(Records for processing)
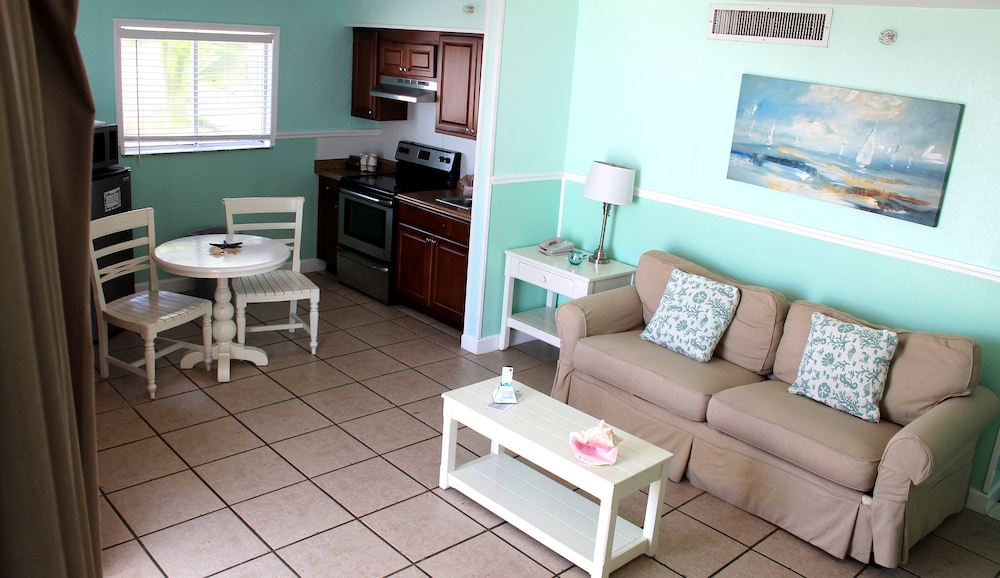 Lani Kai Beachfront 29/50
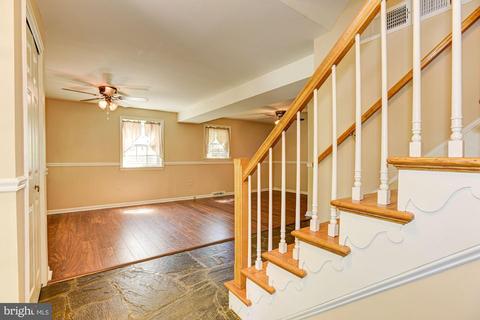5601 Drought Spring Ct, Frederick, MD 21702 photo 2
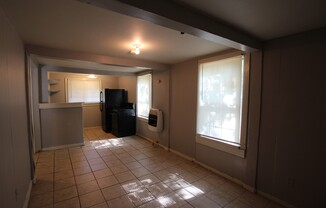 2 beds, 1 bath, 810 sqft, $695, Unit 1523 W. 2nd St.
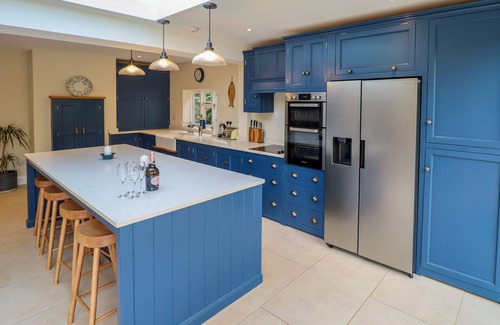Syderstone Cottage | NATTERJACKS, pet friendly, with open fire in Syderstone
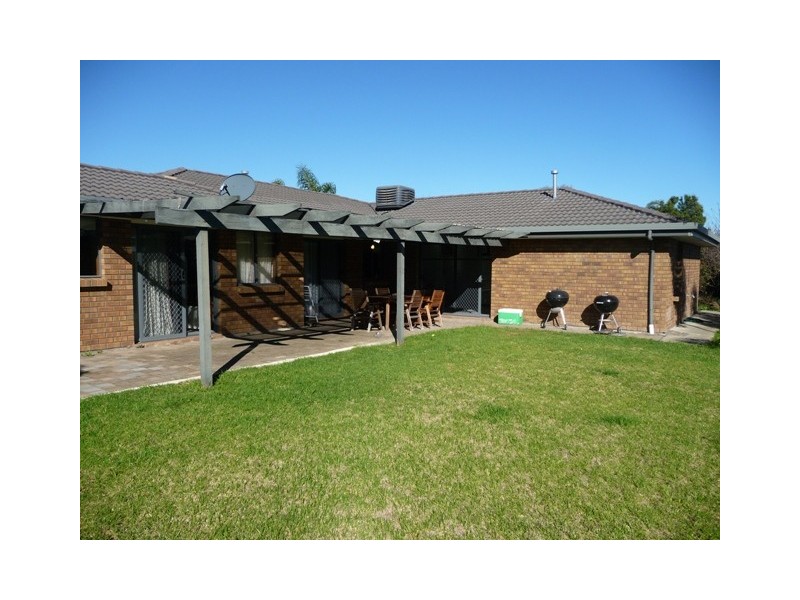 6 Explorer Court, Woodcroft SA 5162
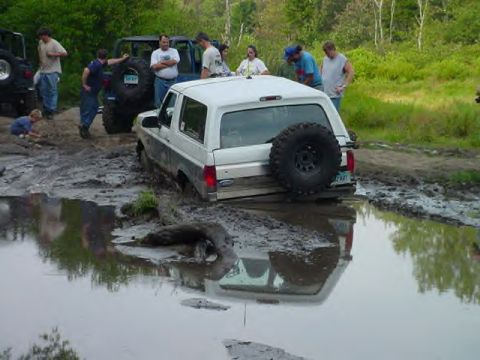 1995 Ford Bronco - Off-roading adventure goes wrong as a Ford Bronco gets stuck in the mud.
(End Records for processing)
Work order: Omit every picture, then repeat the remaining data exactly as it appears above.

Written solution:
 Lani Kai Beachfront 29/50
5601 Drought Spring Ct, Frederick, MD 21702 photo 2
 2 beds, 1 bath, 810 sqft, $695, Unit 1523 W. 2nd St.
Syderstone Cottage | NATTERJACKS, pet friendly, with open fire in Syderstone
 6 Explorer Court, Woodcroft SA 5162
 1995 Ford Bronco - Off-roading adventure goes wrong as a Ford Bronco gets stuck in the mud.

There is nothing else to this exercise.